1 May the Lord our God be present, that He may grant us to render you what we promised. For yesterday, if you remember, holy brethren, when the shortness of the time prevented us from completing the sermon we had begun, we put off until today the unfolding, by God's assistance, of those things which are mystically put in hidden meanings in this fact of the Gospel lesson. We need not, therefore, now stay any longer to commend the miracle of God. For He is the same God who, throughout the whole creation, works miracles every day, which become lightly esteemed by men, not because of the ease with which they are wrought, but by reason of their constant recurrence.
Those uncommon works, however, which were done by the same Lord— that is, by the Word for us made flesh— occasioned greater astonishment to men, not because they are greater than those which He daily performs in the creation, but because these which happen every day are accomplished as it were in the course of nature; but the others appear exhibited to the eyes of men, wrought by the efficacy of a power, as it were, immediately present. We said, as you remember, one dead man rose again, people were amazed, while no man wonders at the birth every day of those who were not in being.

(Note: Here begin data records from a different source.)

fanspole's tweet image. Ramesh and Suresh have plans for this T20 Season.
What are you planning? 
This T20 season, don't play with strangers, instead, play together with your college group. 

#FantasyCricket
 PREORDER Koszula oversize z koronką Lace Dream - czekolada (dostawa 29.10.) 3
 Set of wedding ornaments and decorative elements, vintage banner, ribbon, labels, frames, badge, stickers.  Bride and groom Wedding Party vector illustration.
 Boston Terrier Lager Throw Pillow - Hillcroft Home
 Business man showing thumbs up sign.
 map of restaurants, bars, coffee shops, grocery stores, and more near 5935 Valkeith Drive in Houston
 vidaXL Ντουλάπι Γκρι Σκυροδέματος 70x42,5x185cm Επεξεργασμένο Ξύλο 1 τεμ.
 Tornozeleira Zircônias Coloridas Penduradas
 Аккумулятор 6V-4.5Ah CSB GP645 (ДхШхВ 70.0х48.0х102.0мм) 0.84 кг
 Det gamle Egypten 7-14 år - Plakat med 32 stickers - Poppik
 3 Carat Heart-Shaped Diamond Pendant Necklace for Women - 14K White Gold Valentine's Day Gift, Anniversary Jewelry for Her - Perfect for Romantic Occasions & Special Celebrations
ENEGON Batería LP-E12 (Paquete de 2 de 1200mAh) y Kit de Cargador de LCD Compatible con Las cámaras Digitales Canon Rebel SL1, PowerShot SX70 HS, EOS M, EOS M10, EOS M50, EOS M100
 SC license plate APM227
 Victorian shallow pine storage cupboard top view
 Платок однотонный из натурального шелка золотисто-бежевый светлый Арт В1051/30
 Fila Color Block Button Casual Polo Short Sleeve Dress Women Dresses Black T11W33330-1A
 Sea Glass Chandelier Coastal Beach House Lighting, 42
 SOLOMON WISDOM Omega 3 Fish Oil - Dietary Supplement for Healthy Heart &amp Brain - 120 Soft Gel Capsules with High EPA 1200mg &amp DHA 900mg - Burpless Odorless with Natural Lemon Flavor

In like manner, who does not wonder at water turned into wine, although God is doing this every year in vines? But since all the works which the Lord Jesus did, serve not only to rouse our hearts by their miraculous character, but also to edify our hearts in the doctrine of faith, it behooves us thoroughly to examine into the meaning and significance of those works. For the consideration of the meaning of all these things we deferred, as you remember, till today.